_The problem_
Exact copies of all entries are needed. Pictures are to be left out.

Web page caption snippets
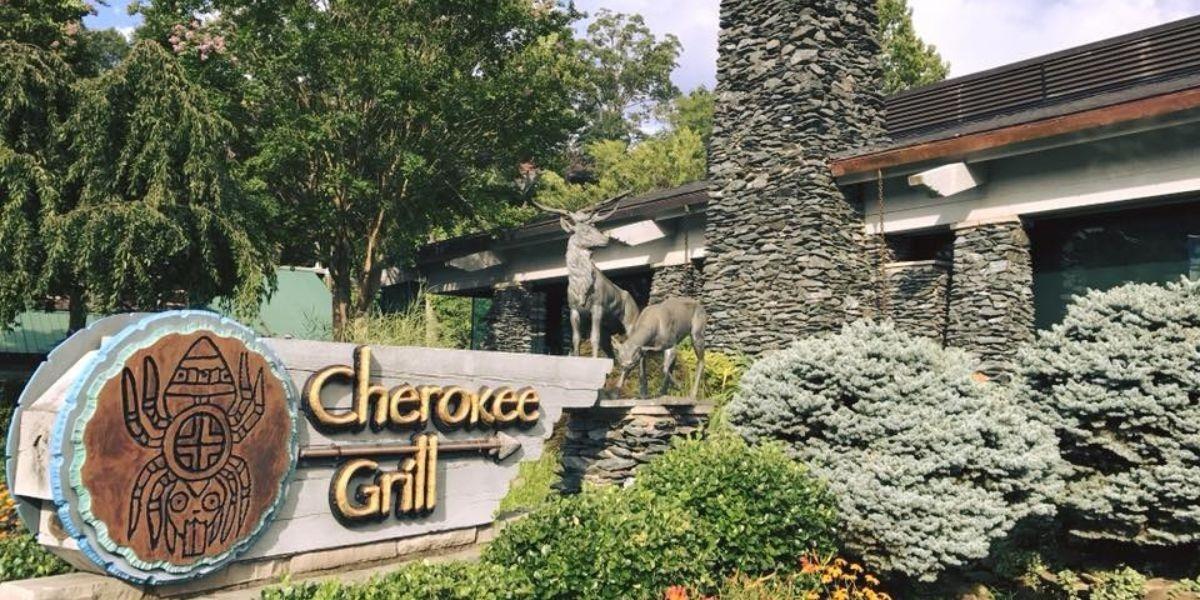 Things To Do https://heavenscabins.icnd-cdn.com/images/thingstodo/cherokee-grill-CDE3B346-61CE-466F-812BD3FB08E2C07C.jpg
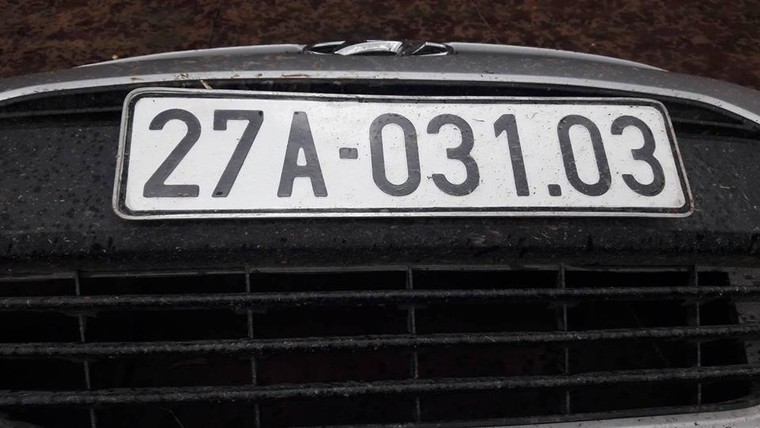 Xe ô tô con bất ngờ lao xuống lòng hồ thủy điện Sơn La ảnh 1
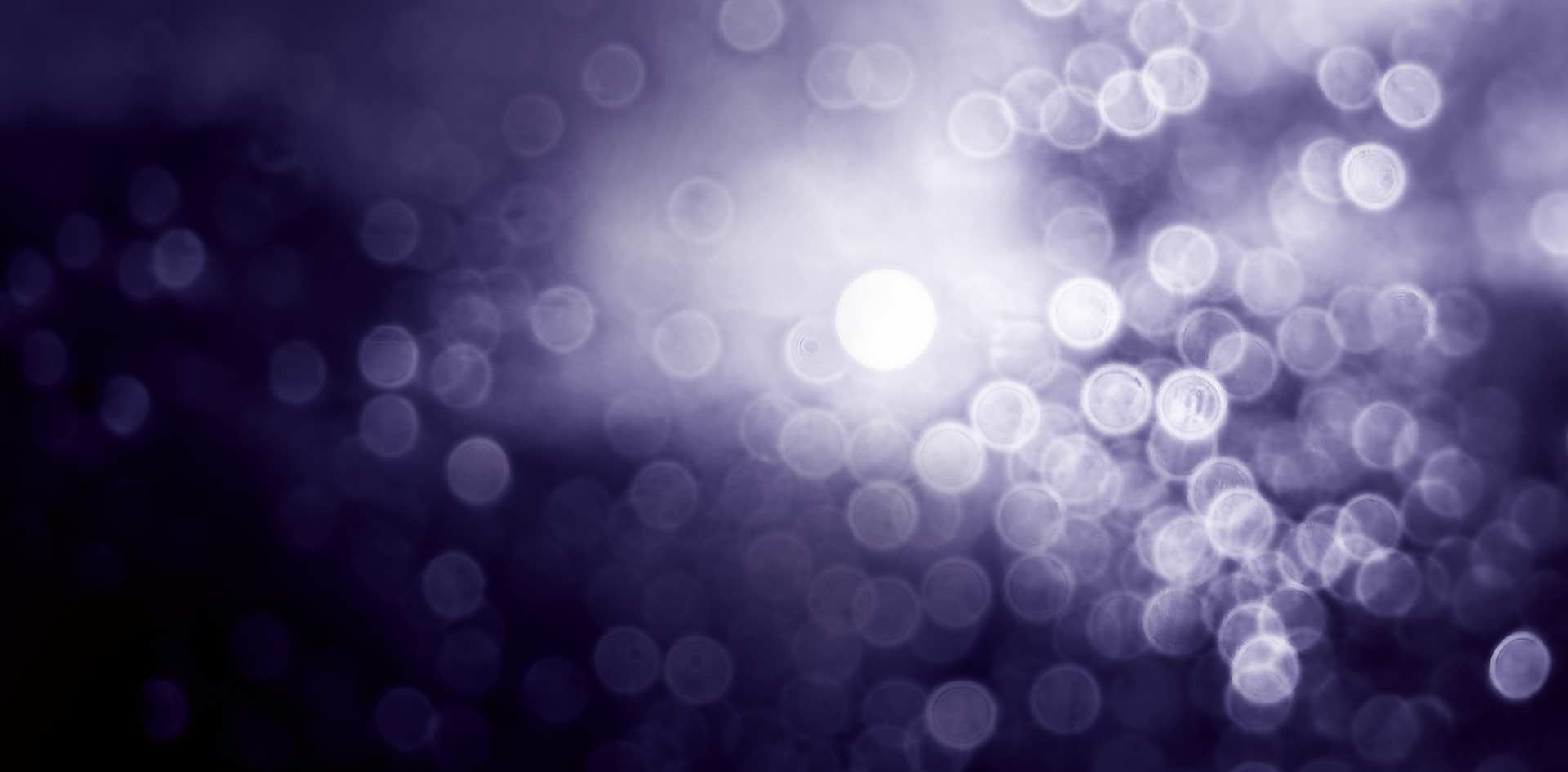 Hinter den Blitzen Blau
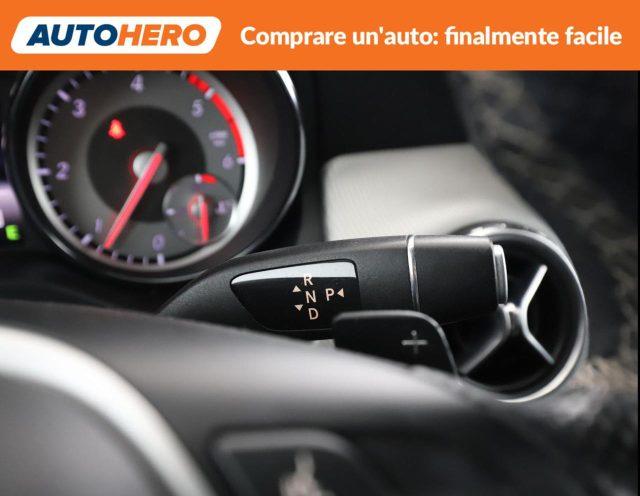 MERCEDES-BENZ GLA 200 d Automatic Sport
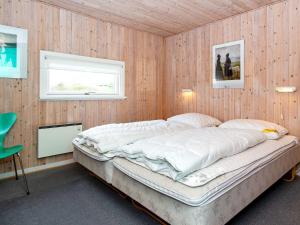 Postel nebo postele na pokoji v ubytování 6 person holiday home in Fanø-By Traum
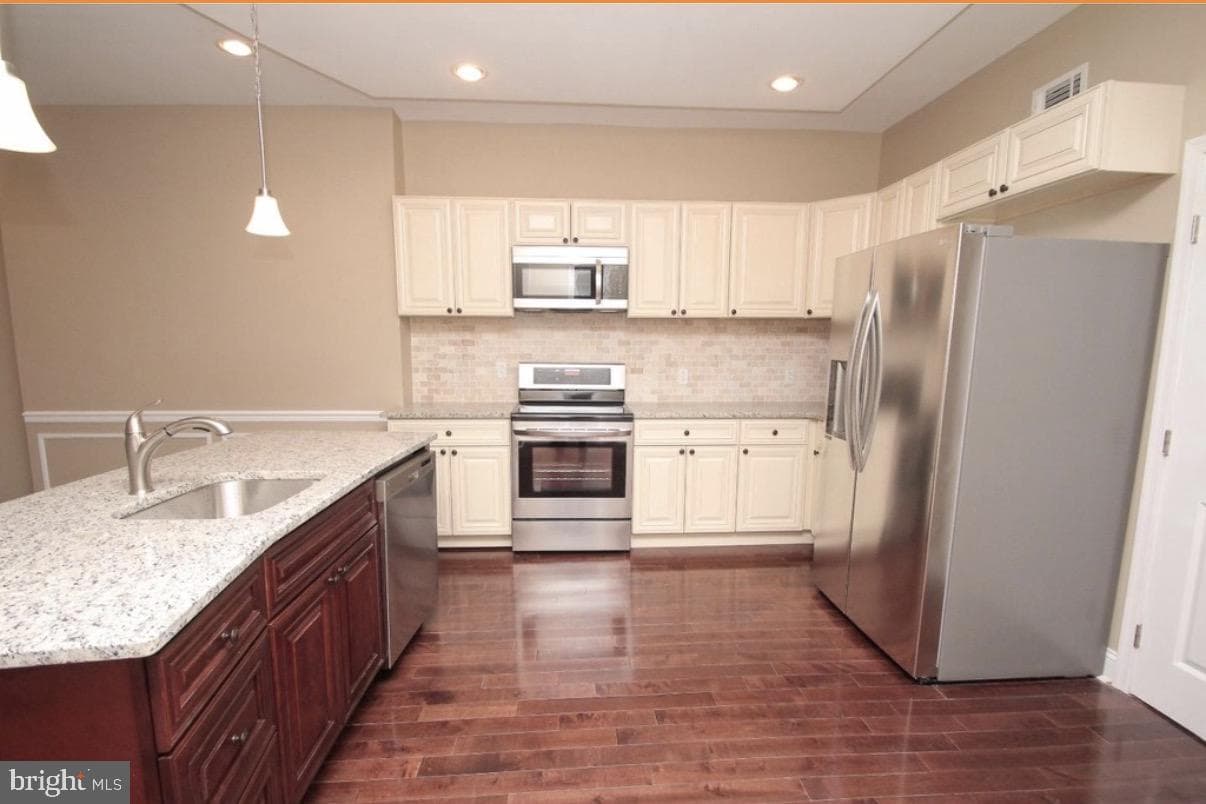 5026 Locust Street, Philadelphia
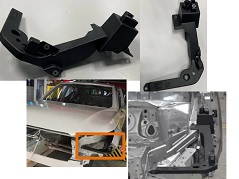 Elemento de plástico reforzado que sirve de armazón de las aletas exteriores frontales de un vehículo automóvil, con forma de L (véase la fotografía).
Una vez fijado pasa a formar parte de la citada estructura monocasco auto-portante del vehículo, contribuyendo a la rigidez y resistencia de la misma.
Va atornillado a la carrocería o estructura monocasco auto portante (BIW), a través de una serie de puntos de fijación en los que se disponen unos elementos metálicos (insertos de acero), para garantizar los pares de apriete y por consiguiente la durabilidad de las uniones atornilladas.
En algunos modelos de vehículo este componente (refuerzo de aleta), incluye un elemento para la fijación del faro del vehículo.
Cada vehículo lleva dos piezas, dos referencias una para el lado derecho y otra para el lado izquierdo.
Se destinada a la industria del montaje (vehículos Volvo).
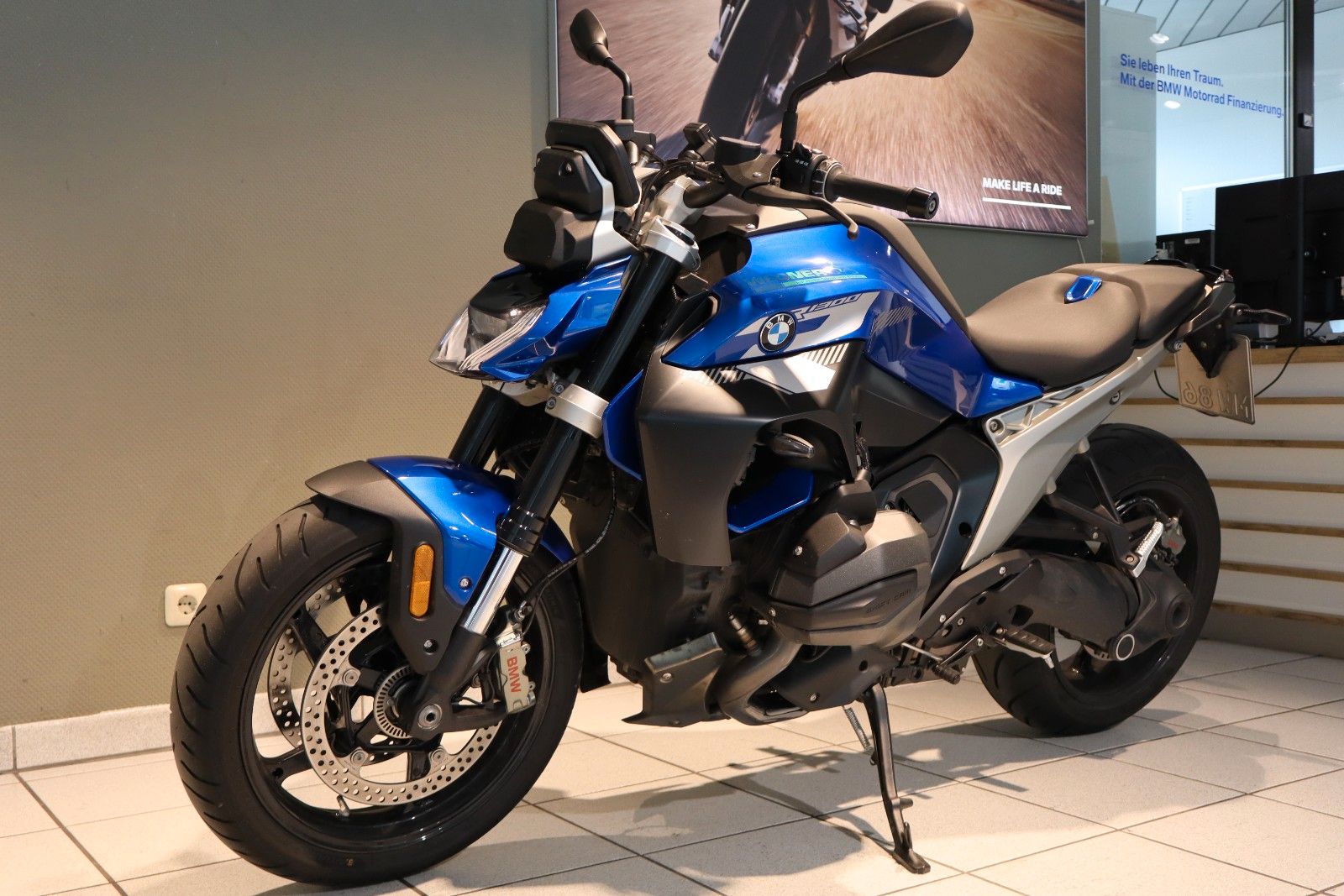 Fahrzeugabbildung BMW R 1300 R Style Exclusive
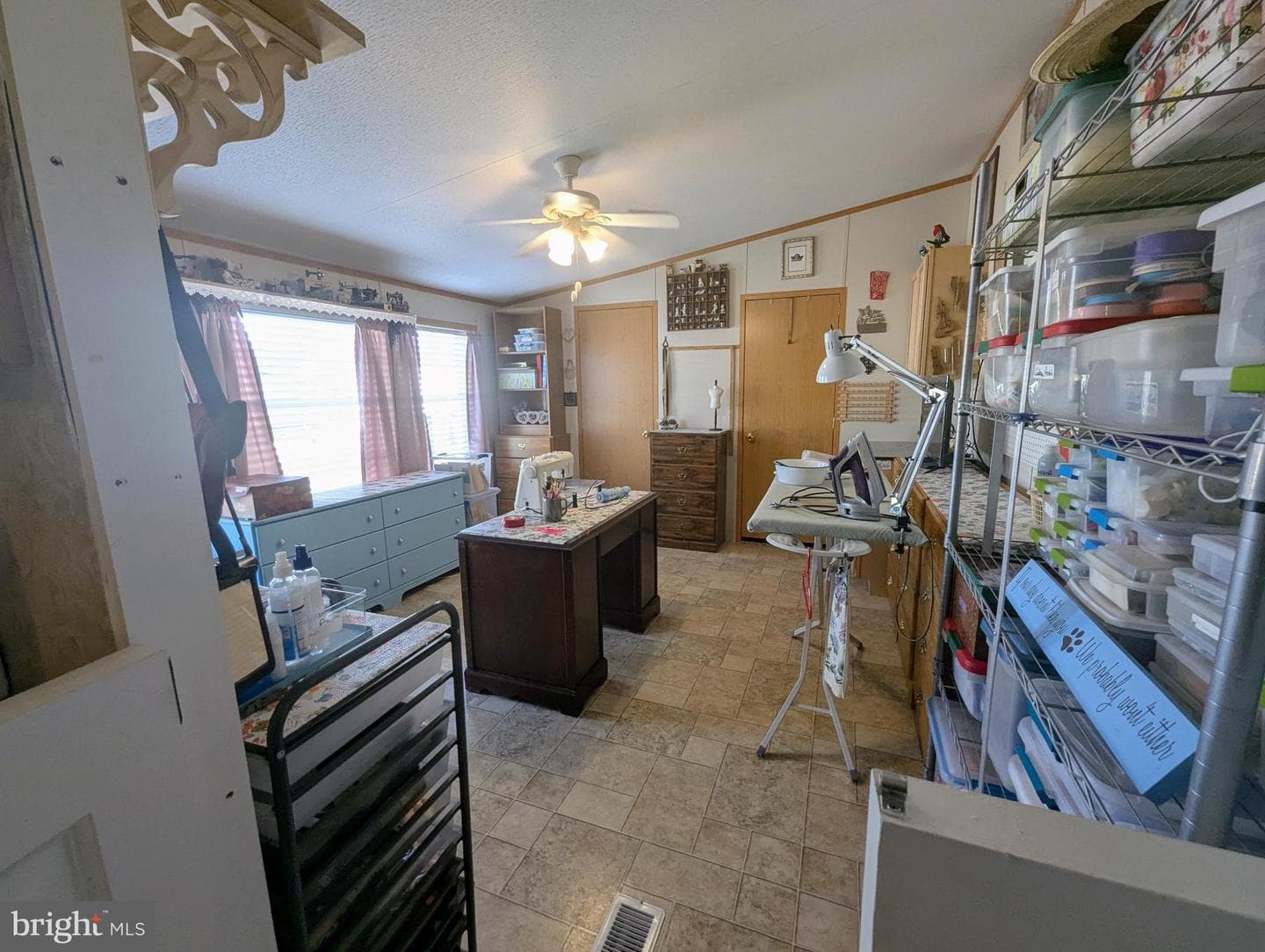 525 Elm Avenue photo 44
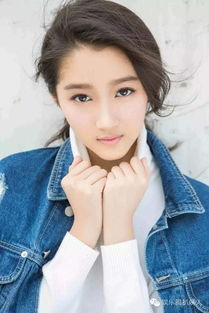 孟子义拍戏意外：长纱绊倒惊险瞬间，颈部勒痕引关注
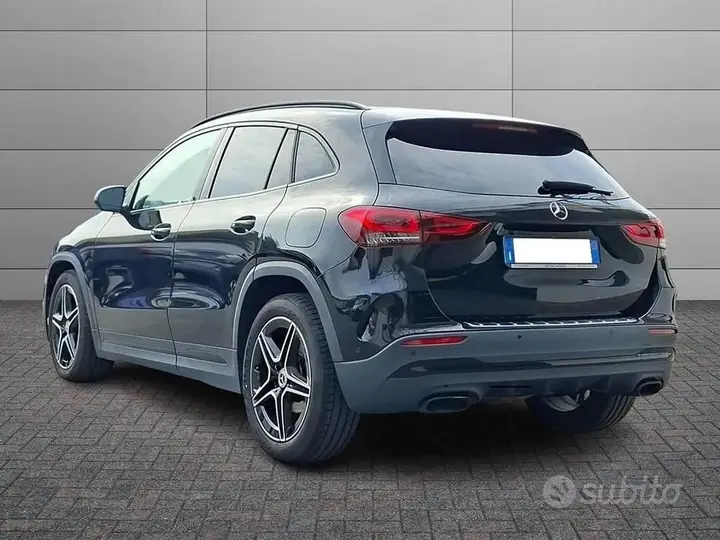 Mercedes-Benz Gla 2022 photo 2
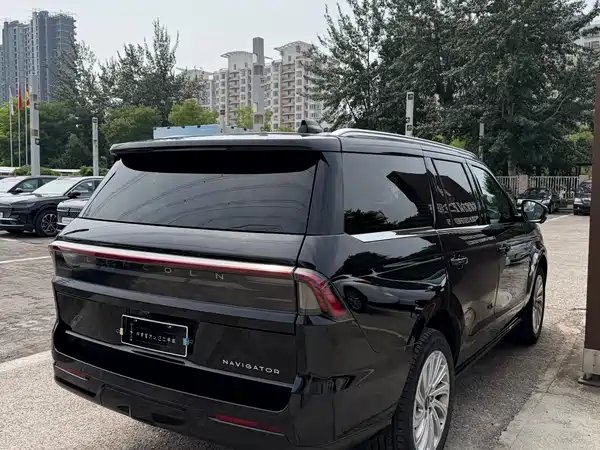 Lincoln Navigator 2025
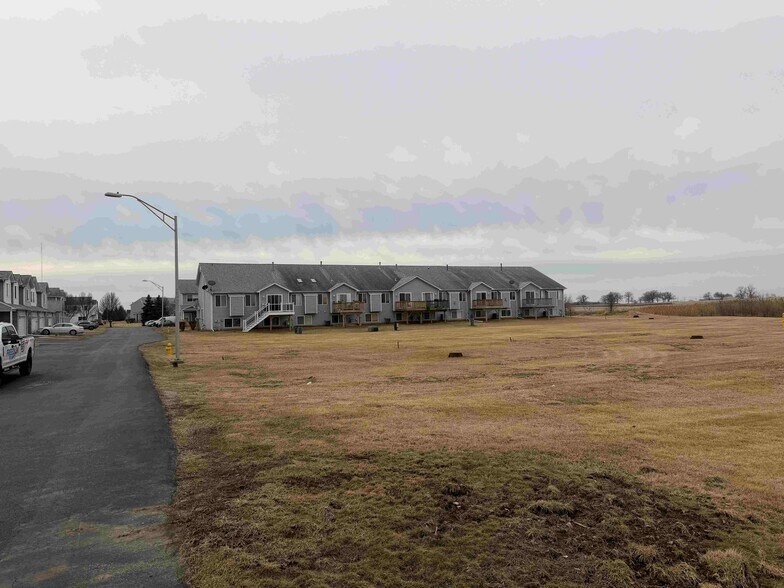 More Photos Of 1863 Waters Edge Dr, Minooka Land For Sale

_Response area_
 Things To Do https://heavenscabins.icnd-cdn.com/images/thingstodo/cherokee-grill-CDE3B346-61CE-466F-812BD3FB08E2C07C.jpg
 Xe ô tô con bất ngờ lao xuống lòng hồ thủy điện Sơn La ảnh 1
 Hinter den Blitzen Blau
 MERCEDES-BENZ GLA 200 d Automatic Sport
 Postel nebo postele na pokoji v ubytování 6 person holiday home in Fanø-By Traum
 5026 Locust Street, Philadelphia
 Elemento de plástico reforzado que sirve de armazón de las aletas exteriores frontales de un vehículo automóvil, con forma de L (véase la fotografía).
Una vez fijado pasa a formar parte de la citada estructura monocasco auto-portante del vehículo, contribuyendo a la rigidez y resistencia de la misma.
Va atornillado a la carrocería o estructura monocasco auto portante (BIW), a través de una serie de puntos de fijación en los que se disponen unos elementos metálicos (insertos de acero), para garantizar los pares de apriete y por consiguiente la durabilidad de las uniones atornilladas.
En algunos modelos de vehículo este componente (refuerzo de aleta), incluye un elemento para la fijación del faro del vehículo.
Cada vehículo lleva dos piezas, dos referencias una para el lado derecho y otra para el lado izquierdo.
Se destinada a la industria del montaje (vehículos Volvo).
 Fahrzeugabbildung BMW R 1300 R Style Exclusive
 525 Elm Avenue photo 44
 孟子义拍戏意外：长纱绊倒惊险瞬间，颈部勒痕引关注
 Mercedes-Benz Gla 2022 photo 2
 Lincoln Navigator 2025
 More Photos Of 1863 Waters Edge Dr, Minooka Land For Sale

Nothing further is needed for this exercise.